ルミネ広告から小説が誕生。尾形真理子がすくい取る「世の気分」
ルミネ『One piece of a woman』- インタビュー・テキスト
- 松井友里
- 編集:川浦慧(CINRA.NET編集部)
新しい季節の訪れを告げるように掲げられる、ルミネのシーズン広告。口元がほころぶような共感や、ほんの少し背伸びした憧れ、強くあろうと自らを奮い立たせる瞬間。そんな日常のあわいにある感覚をすくい取ったメッセージを紡いできた、クリエイティブディレクター / コピーライターの尾形真理子が、ルミネとの新たな取り組みとして、広告から発展したショートストーリー『One piece of a woman』を2018年の春から執筆している。
それぞれの日々を送る女性たちを描いたこのショートストーリーをきっかけに、これまでのルミネの広告をどのように作り出してきたか、尾形が考える「滞空時間の長い」広告や、時代とともに変容する言葉の感覚などについて、話を聞いた。
愛だの恋だの好きなように書いている風ですけど(笑)、見た人の「自分らしさ」が拡張されるようなものを目指しているんです。
―まずは『One piece of a woman』がどのようにスタートしたか教えてください。
尾形:ルミネのシーズン広告には2007年から関わってきたのですが、ポスターで表現しているビジュアルとメッセージって、ポスターを見てくれる方たちの日常のもっといろんな一幕と繋がっているんじゃないかなと思っていて。

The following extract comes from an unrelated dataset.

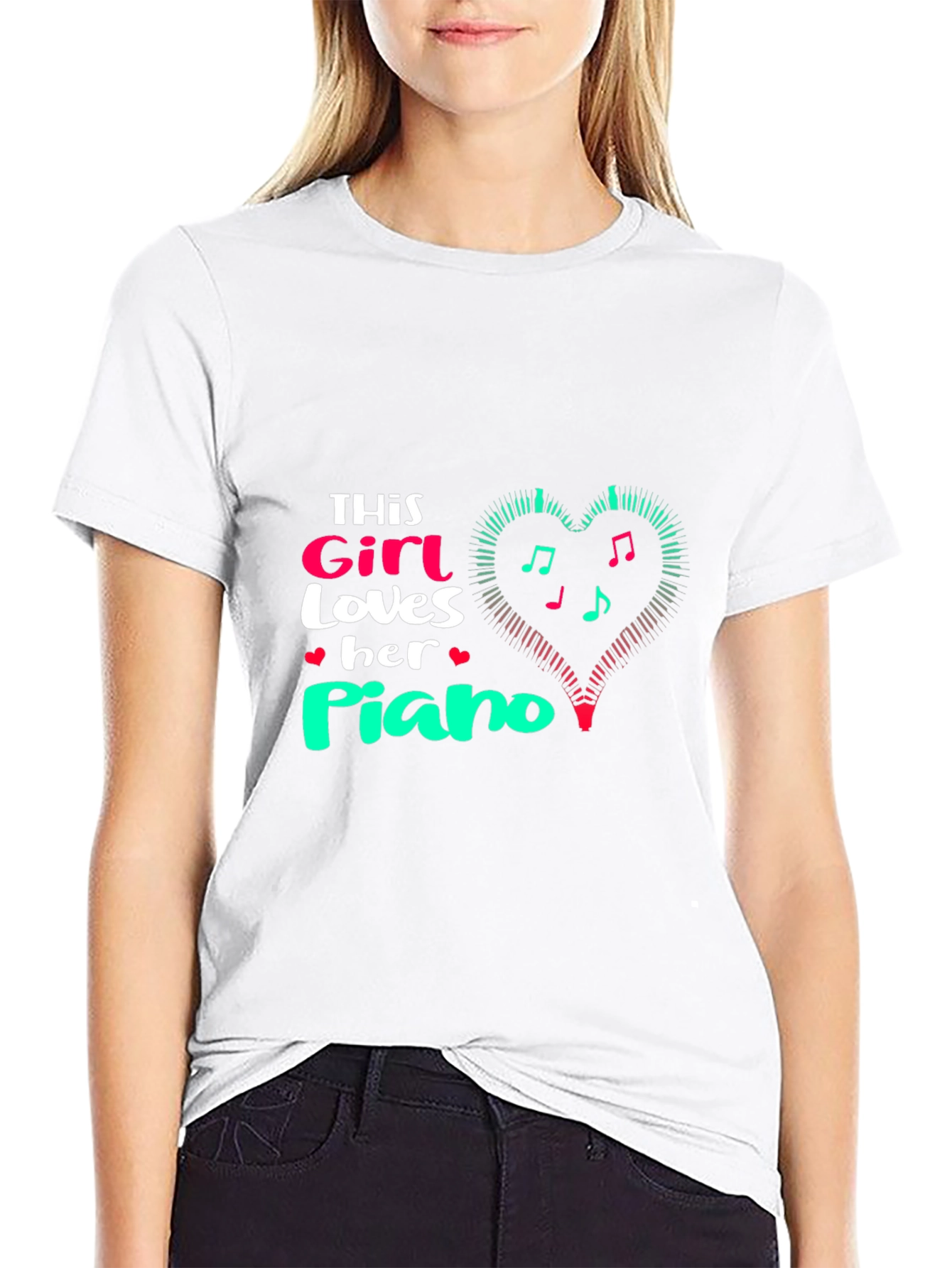 This Girl Loves Her Piano Black T-Shirt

そのリアリティや深みみたいなものを、ポスターとは違うアプローチで感じてもらえたらというところから、始まった企画なんです。
―広告と連動しているという大きな特徴があるなかで、どのようなことを意識して小説を書かれていますか。
尾形:ルミネには「わたしらしくをあたらしく」という企業スローガンがあるんですけど、ポスターも小説も、すべてそこに繋がっていて。愛だの恋だの好きなように書いている風ですけど(笑)、最終的には見た人にとっての「自分らしさ」みたいなものが少しでも拡張されるようなものを目指しているんです。小説を読む人にとって、「自分とは違うけど、同じ時代にきっとこういう人が存在するんだろうな」と思えるような内容にしたいと思っています。

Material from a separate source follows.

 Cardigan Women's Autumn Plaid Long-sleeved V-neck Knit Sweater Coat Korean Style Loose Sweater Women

ルミネにとって、この『One piece of a woman』はあんまり下心がない企画なんですよね。だから、小説にはルミネも出てこないし、ファッションだってほとんど関わってこない。「ルミネはなんでこれにお金を出してるのかな?」っていうくらい広告としてはちょっと遠回りなアプローチなんですけど、それがルミネっぽいなと思うんです。

尾形真理子
コピーライター / クリエイティブディレクター。1978年東京都生まれ。2001年(株)博報堂に入社し、2018年(株)Tangを設立。ルミネをはじめ、資生堂、Tiffany&Co.、キリンビール、Netflix、FUJITSUなど多くの企業広告を手がける。朝日広告賞グランプリ、ACC賞ゴールド、TCC賞など受賞多数。『試着室で思い出したら、本気の恋だと思う。』(幻冬舎)で小説家デビュー。その他、歌詞の提供やコラムの執筆など活躍の場を広げる。

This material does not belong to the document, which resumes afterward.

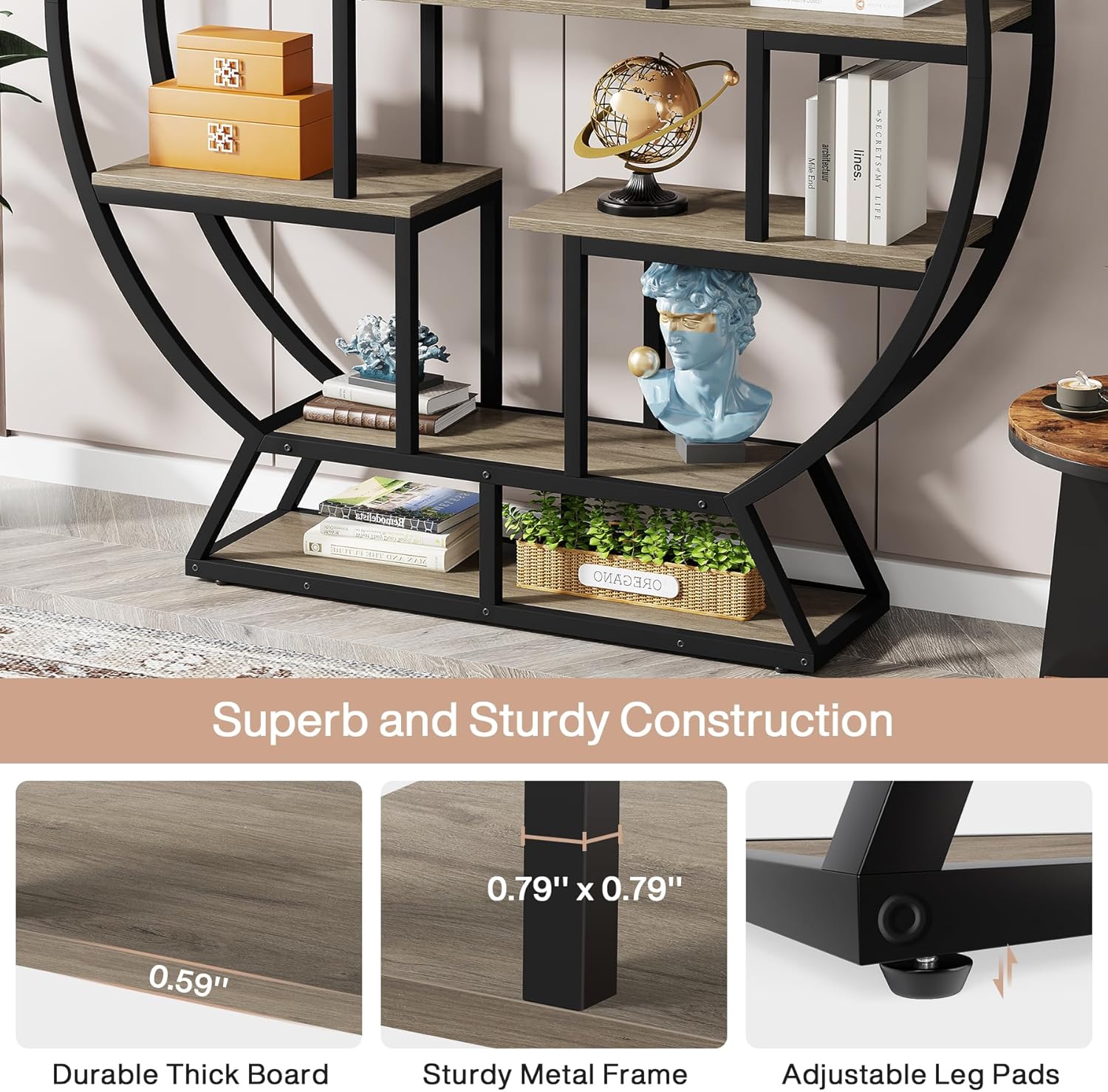 Tribesigns Bookshelf, Round Bookshelves Etagere Bookcase, 63 Inch Industrial Wood Book Shelf with Staggered Shelves, Open Shelving Organizer Rack Display Shelf for Home Office, Living Room, Grey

―ストーリーについては、シーズン広告が完成してから作られているのですか。
尾形:はい。ビジュアル撮影の段階では、実はコピーすらできていなくて。
―そうなんですね。それは毎回ですか?
尾形:そうですね。ざっくりしたイメージはあるんですけど、言葉を書くのはまずビジュアルを作ってからです。だから、ポスターを作る時点ではもちろん小説のことはまったく考えていなくて。ポスターが完成してからなにを書くか初めて考えるっていう、ちょっと不思議な作り方なんです。広告って普通は、最初に出口を設定して、そこに向かっていく作り方が多いので、この企画はわりと行き当たりばったりというか(笑)。
―そうした作り方にされているのはなぜですか?
尾形:ルミネがこのシーズン広告を通じて取り組みたいのは、お客さまたちがどういうことに興味があって、なにに喜び、腹を立て、悲しんでいるかーーそういうところと繋がって、本当の意味で必要とされる存在になることだと思うんです。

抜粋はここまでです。